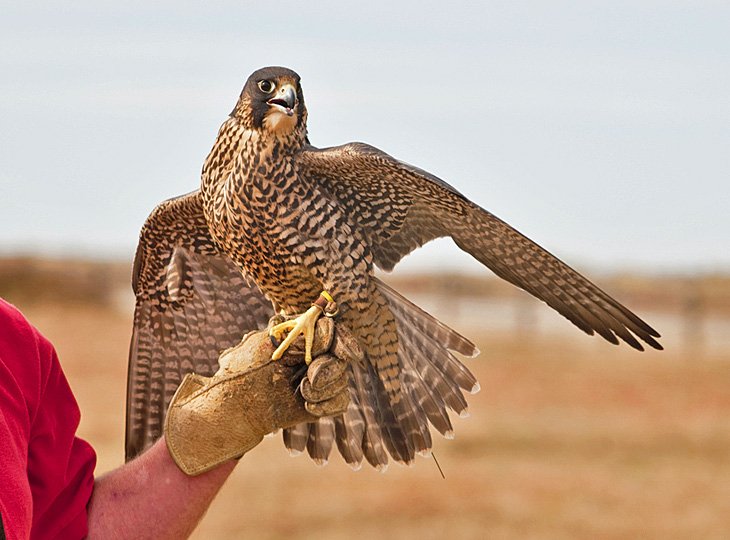 World Center for Birds of Prey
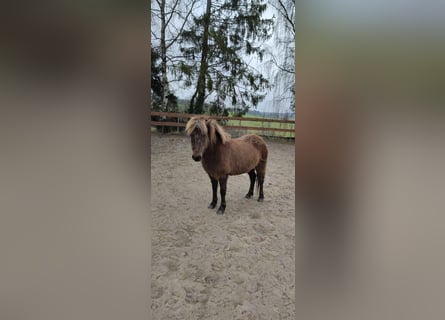 Islandshäst, Sto, 15 år, 135 cm, Black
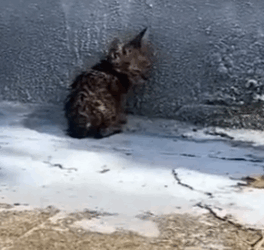 Part2 Animals Rescue #dogrescue #rescuedog #dogsofttiktok #foryoupage #foryou #dogs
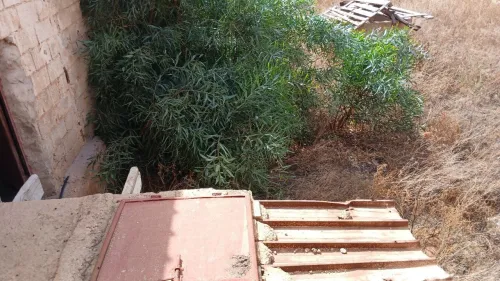 Vente Hangar Mostaganem Souaflia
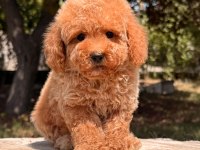 Toy Poodle ev bebekleri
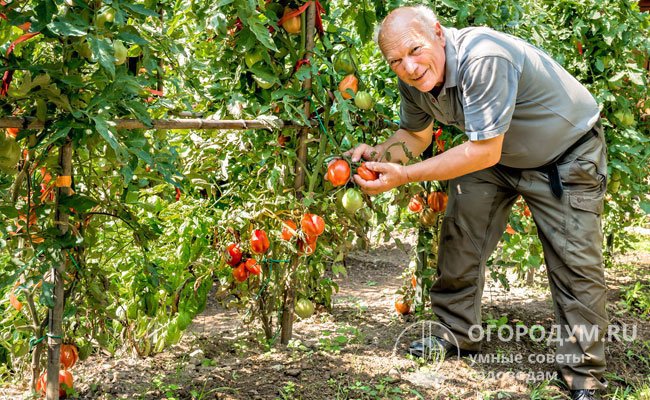 Для получения урожая в неблагоприятных условиях опытные огородники используют преимущественно ранние сорта томатов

▶ **Instructions for the task**
The copy must begin at the line containing "Toy Poodle ev bebekleri" and end at the last line of the data above, with every line retyped exactly and no pictures included.

▶ **Task answer**
 Toy Poodle ev bebekleri
 Для получения урожая в неблагоприятных условиях опытные огородники используют преимущественно ранние сорта томатов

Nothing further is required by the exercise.